:: DIRECTIONS ::
Below this line are records; transcribe exactly the lines between the one holding "Coque Pour Oppo" and the one holding "Green Suede and", inclusive, and omit the pictures.

:: SUPPLIED MATERIAL ::

☆ ☆ ☆ ☆ ☆

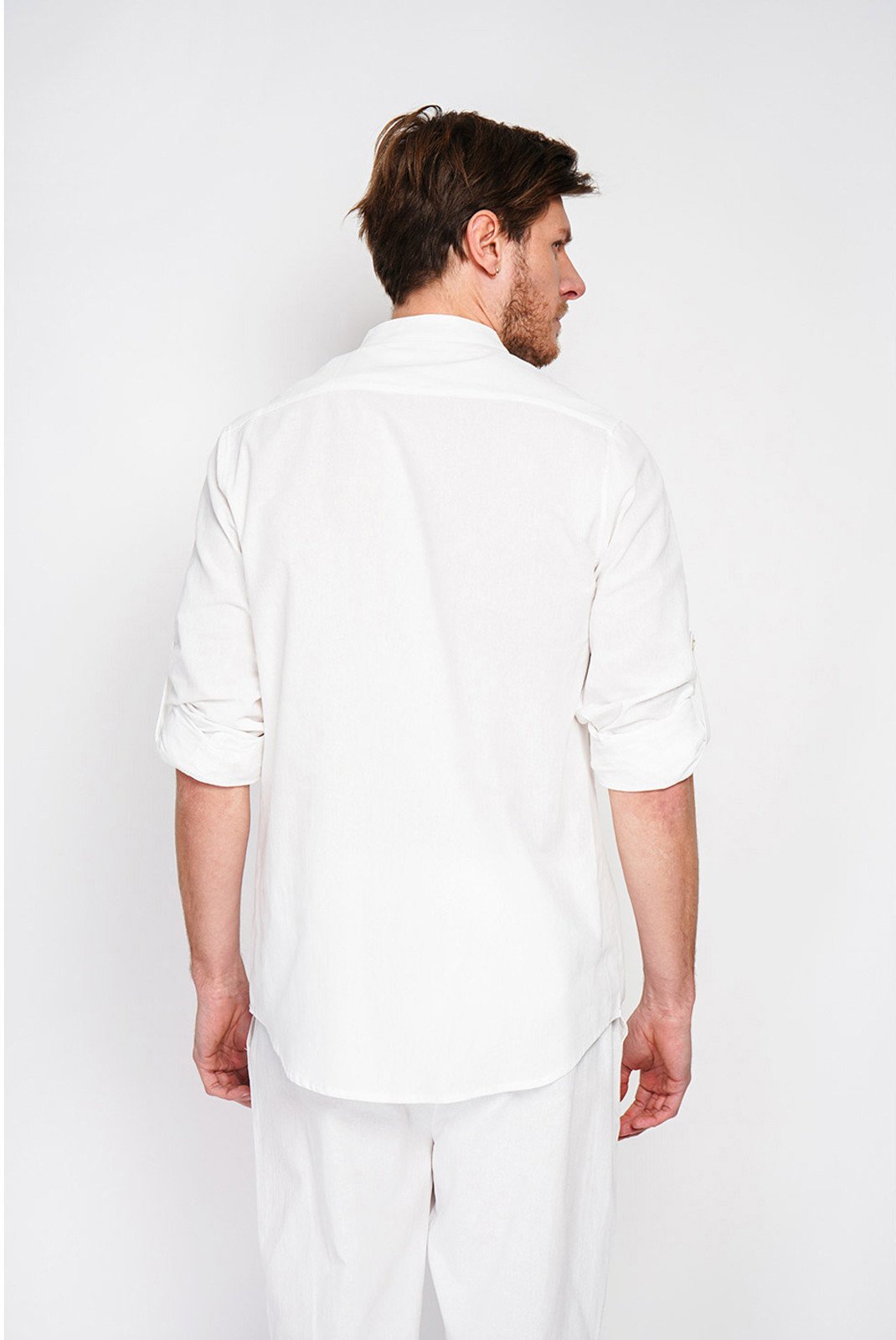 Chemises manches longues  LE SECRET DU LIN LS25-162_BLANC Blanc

☆ ☆ ☆ ☆ ☆

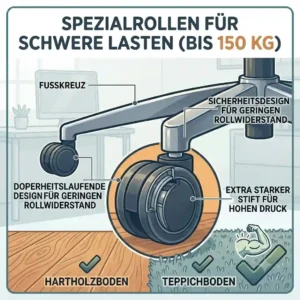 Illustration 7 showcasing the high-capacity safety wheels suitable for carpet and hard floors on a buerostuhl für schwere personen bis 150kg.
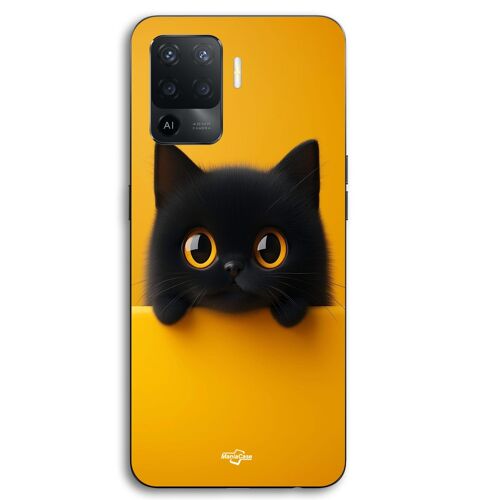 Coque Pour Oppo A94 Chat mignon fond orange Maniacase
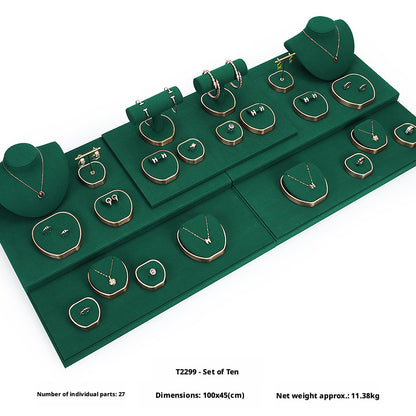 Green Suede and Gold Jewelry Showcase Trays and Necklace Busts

☆ ☆ ☆ ☆ ☆

:: OUTPUT FOR THIS EXERCISE ::
 Coque Pour Oppo A94 Chat mignon fond orange Maniacase
 Green Suede and Gold Jewelry Showcase Trays and Necklace Busts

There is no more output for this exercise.